Le Loup de Wall Street par Cinemaniaque
Rentrons dans le vif du sujet dès le départ : oui, le film est trop long (comme les derniers films du cinéaste) et non, je ne suis pas du tout objectif quand on parle de Scorsese. Mais quand même, bon dieu, quel film !
Je ne m'attarderai pas sur une virtuosité incroyable de la part d'un cinéaste qui a su évoluer avec son temps, se réinventer (prédominance des effets spéciaux numériques depuis Gangs of New York) sans pour autant sacrifier son âme artistique sur l'autel des exigences de studio.
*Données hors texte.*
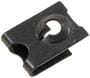 Dorman AutoGrade Multi-Purpose Clip Nut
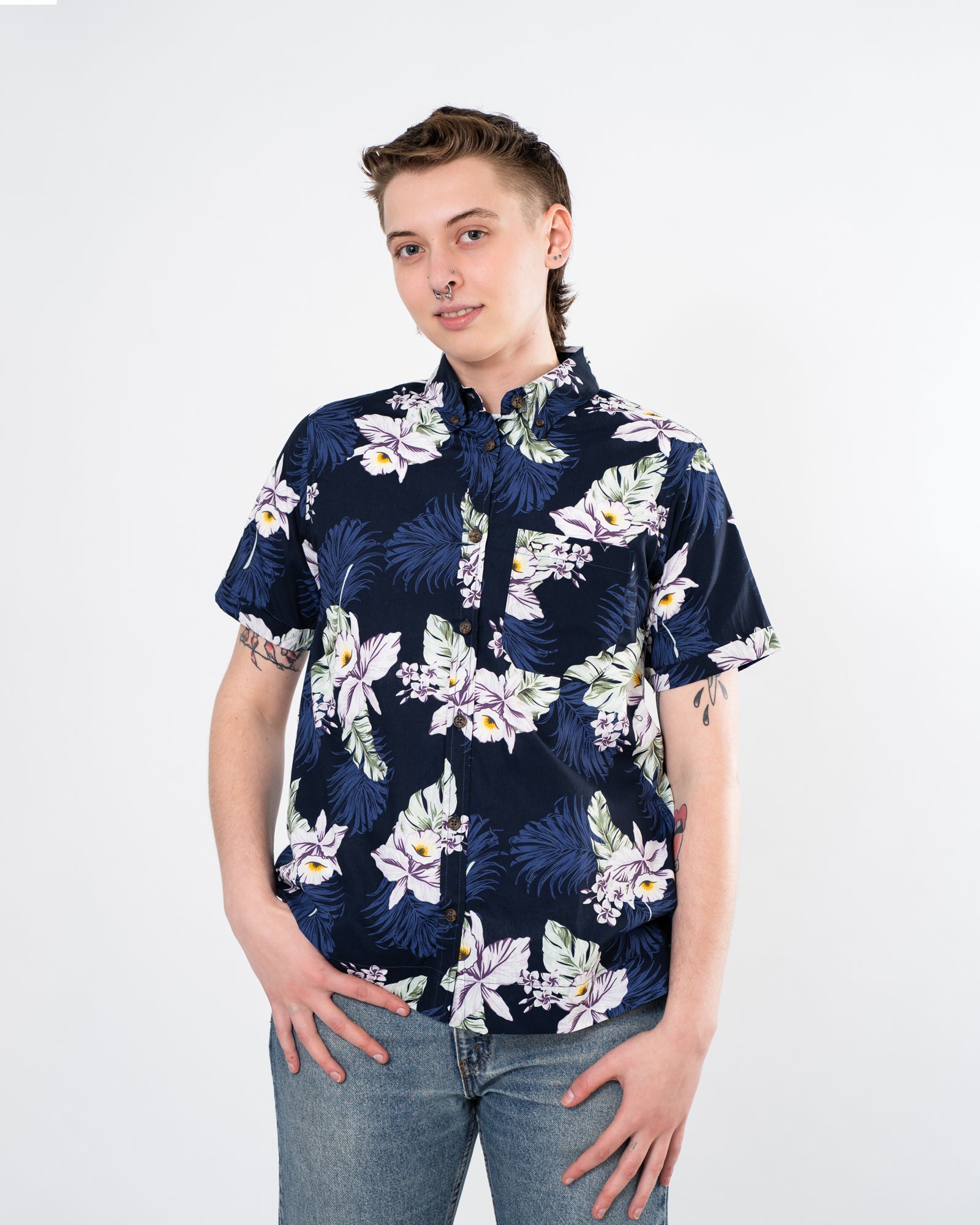 Tropicale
Je dirai juste que maintenir un tel rythme, une telle maestria, imposer une oeuvre de 3h avec, certes, des moments de mou mais avec une fougue que devrait au moins imiter 90% des cinéastes contemporains, cela mérite déjà le respect.
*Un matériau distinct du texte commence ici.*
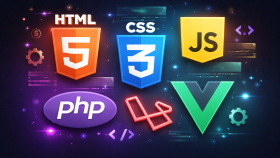 istediğiniz web sitesini yapabilirim
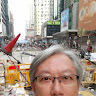 (分類:)位於 。 由 simonyue168 提交(商品編號 1456842160,圖片 1)。簡介: 。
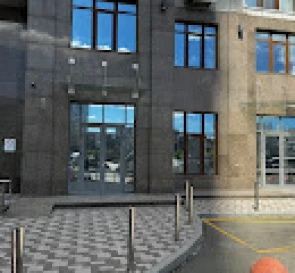 Photo 2. Business, to rent. Kyiv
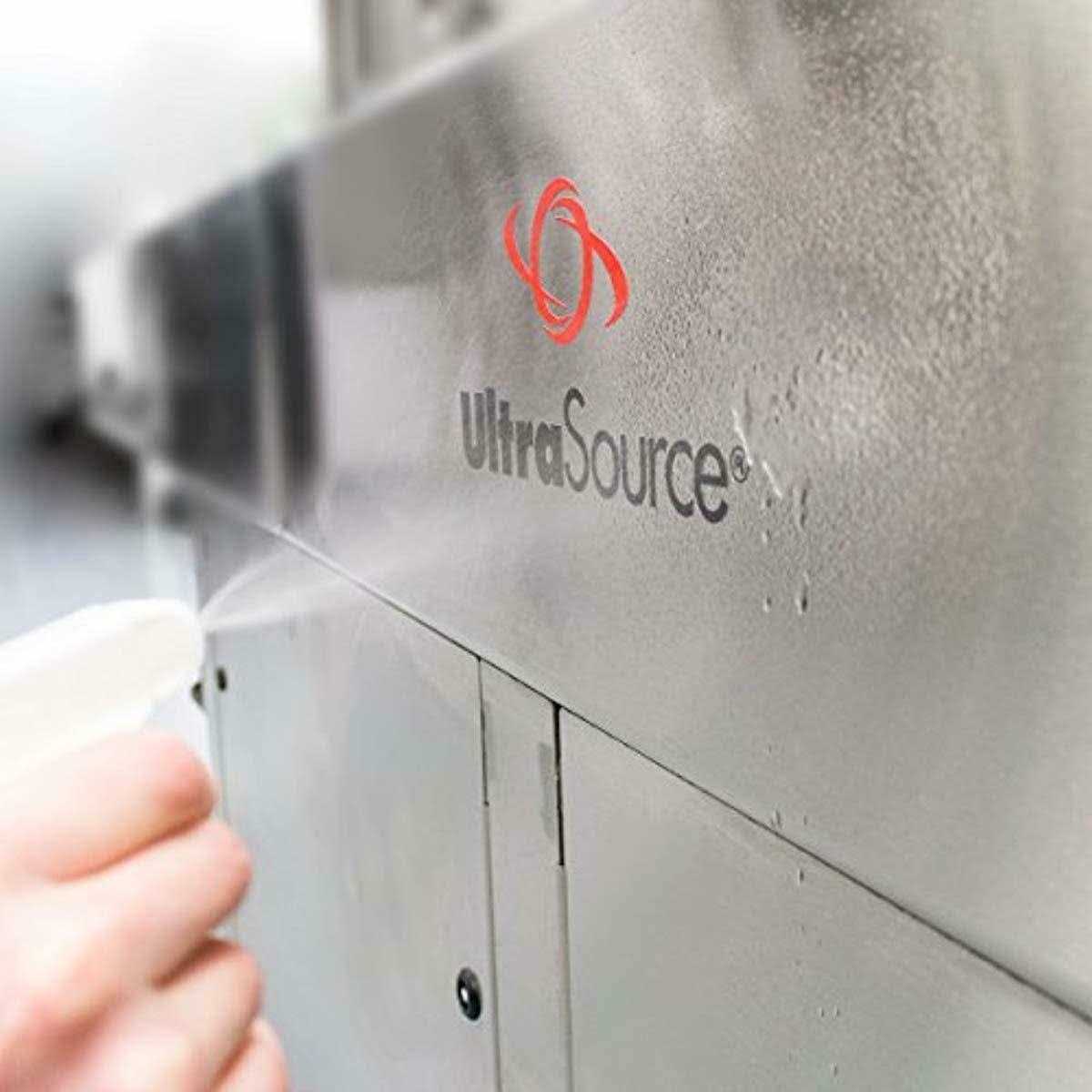 UltraPro Extension Cord 3-Outlet Power Strip - MT - Mrs Treak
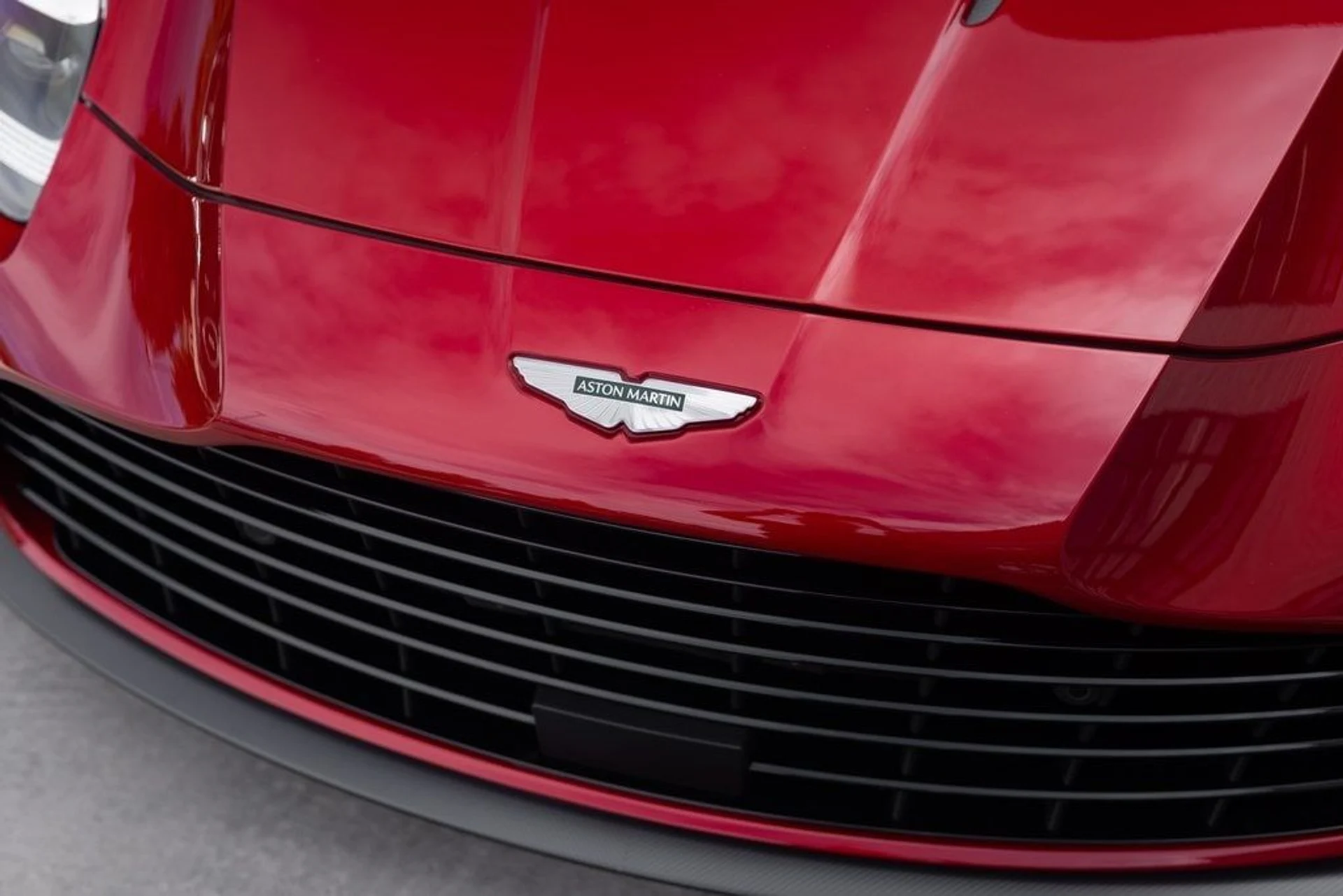 mph013_1376748474_f218beb6f816b54af4072726253116b7x_961f6a0602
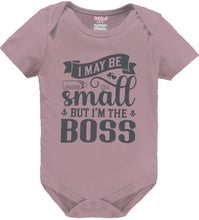 Load image into Gallery viewer, Kiddeo Baby Boys & Girls Bodysuits (Pack of 5)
Et puis il y a DiCaprio qui excelle dans l'outrancier, qui parvient à rendre un surjeu crédible et jouissif avec ses grimaces, ses hurlements, ses excès et son way of life qui, secrètement, fait quand même un peu rêver. Rendre admirable un personnage détestable est une prouesse trop sous-estimée aujourd'hui, dont peu d'acteurs sont capables. Comme parler de la bourse sans être chiant : Oliver Stone s'y est cassé les dents, JC Chandor reste trop méconnu, mais surtout Scorsese a l'intelligence de résumer le genre en quelques mots : "l'important est : est-ce légal ? Absolument pas !". On se fout pas mal d'entendre des termes incompréhensibles, des ficelles inaccessibles pour le commun des mortels : Scorsese fustige, à sa façon, sans être manichéen, les dérives d'un système autogéré, babylonien jusqu'au trognon. Ce n'est pas subtil parce que le milieu ne l'est pas, loin des zones d'ombre de la mafia que Scorsese a déjà mis en avant ; Wall Street jouit parce qu'elle est bien visible par le mode entier et que personne ne peut rien y faire.
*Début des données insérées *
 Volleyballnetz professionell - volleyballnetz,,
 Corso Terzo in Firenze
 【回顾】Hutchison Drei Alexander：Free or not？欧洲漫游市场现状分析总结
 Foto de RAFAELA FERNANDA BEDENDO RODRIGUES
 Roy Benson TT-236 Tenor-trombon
Et puis il y a, derrière tout cela, la plume de Terrence Winter qui est né pour travailler avec Scorsese, tragédien dans l'âme, tissant des liens ambigus à souhait entre ses personnages, apôtre du schéma biblique cher à Scorsese (gloire-chute-rédemption) et as de la vulgarisation et du vulgaire distingué, alternant moments de tension et blagues un peu trash sans problème.
Wolf of Wall Street n'est pas une banale oeuvre à charge contre le monde de la finance : c'est un nouveau souffle dans la carrière de Scorsese qui n'a pourtant plus rien à prouver, c'est une leçon de cinéma certes imparfaite mais tellement lyrique qu'on n'en sort que grandi. Pas un chef-d'oeuvre, non, pas loin en tout cas, mais un divertissement de très haut vol.